Task to complete: In the listing that follows, print every line exactly and leave the images out.

BEGIN Data excerpt

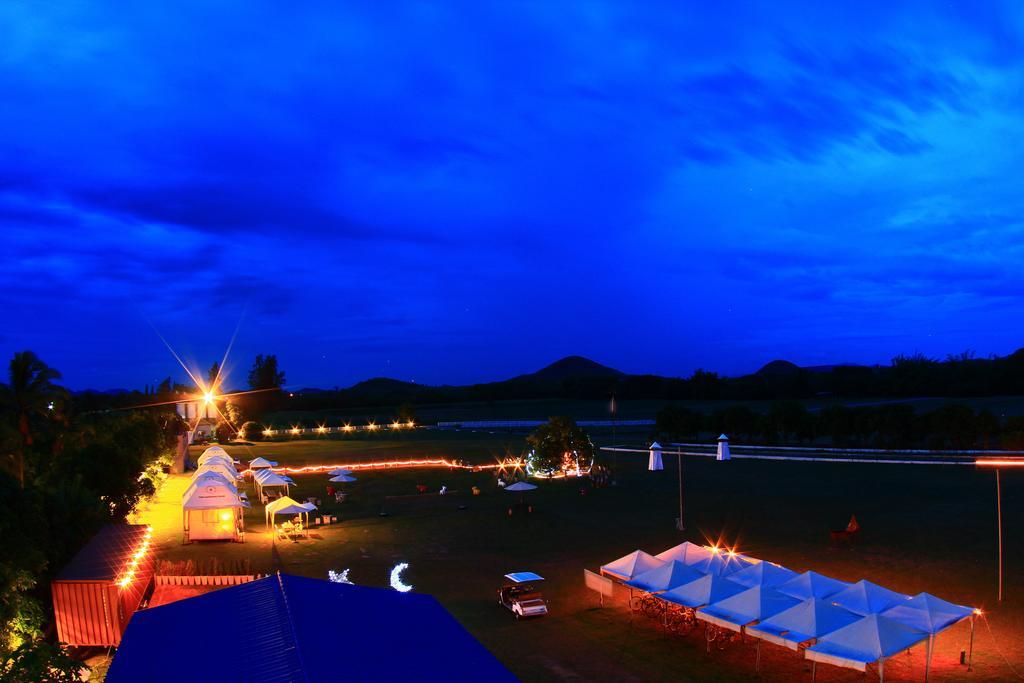 The Camping Field Suan Phung スワン・プン エクステリア 写真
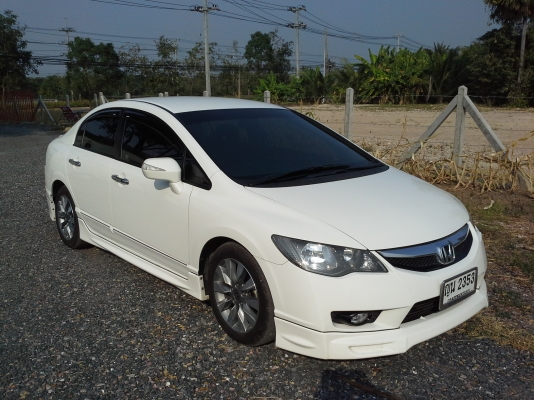 HONDA CIVIC 1.8E AT ปี 2011 HONDA CIVIC 1.8E AT ปี 2011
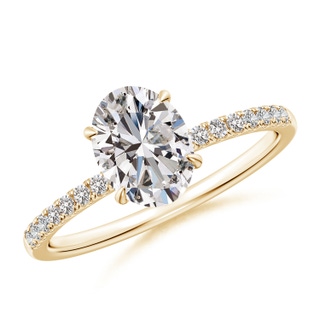 Oval I-J, I1-I2 Diamond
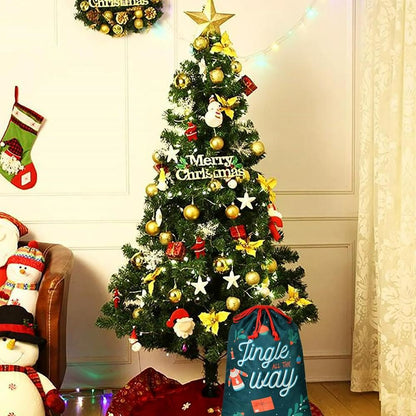 Lingle All The Ways Christmas Sack, Gift For Chidren, Christmas Bag Gift, Christmas Gift 2023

END Data excerpt

Your solution:
 The Camping Field Suan Phung スワン・プン エクステリア 写真
 HONDA CIVIC 1.8E AT ปี 2011 HONDA CIVIC 1.8E AT ปี 2011
 Oval I-J, I1-I2 Diamond
 Lingle All The Ways Christmas Sack, Gift For Chidren, Christmas Bag Gift, Christmas Gift 2023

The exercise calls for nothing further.